There is movement, at least, in President Reagan's acceptance of a U.S. role in Central American peace negotiations that would include the Sandinista rulers of Nicaragua. It is an appropriate first response to the Sandinistas' decision last Friday to ask Cardinal Miguel Obando y Bravo, archbishop of Managua, to mediate a cease-fire with the Contras.
Both Washington and Managua are holding back on the crucial steps needed to accelerate the peace process. The United States has no good reason to refuse direct bilateral talks with Nicaragua; the visit to Washington this week of President Daniel Ortega offers an opportunity for just such an exploration. Nicaragua has no good reason to restrict its talks with the Contras to indirect negotiations limited to a cease-fire.
The governments of Guatemala and El Salvador are engaged in open-ended negotiations with guerrilla movements within their nations on political as well as cease-fire issues. Indeed, it is difficult if not impossible to separate one from the other.

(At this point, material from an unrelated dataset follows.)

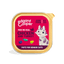 Edgard & Cooper Pate kuipjes - Nena's Pets 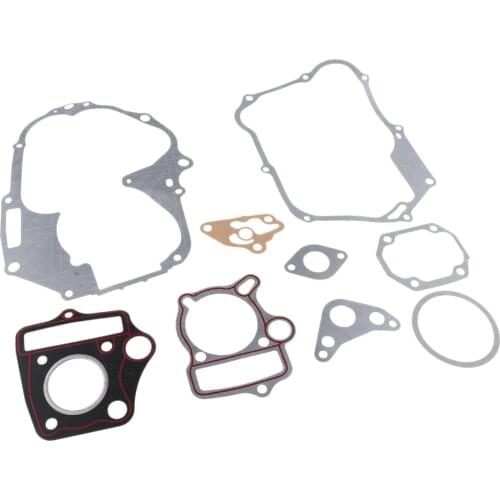 Complete Gasket Set Kit for Honda 50cc Z50 Mini Trail Monkey Bike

President Oscar Arias Sanchez of Costa Rica, principal architect of the the Aug. 7 peace agreement, hailed President Reagan's response as "a positive step for which I feel very content as it is one step closer to attaining peace." Arias is a realist and has seemed to expect progress only step by step. He nevertheless looked ahead to the next step: "Now it is easier to see a bilateral dialogue between Washington and Managua."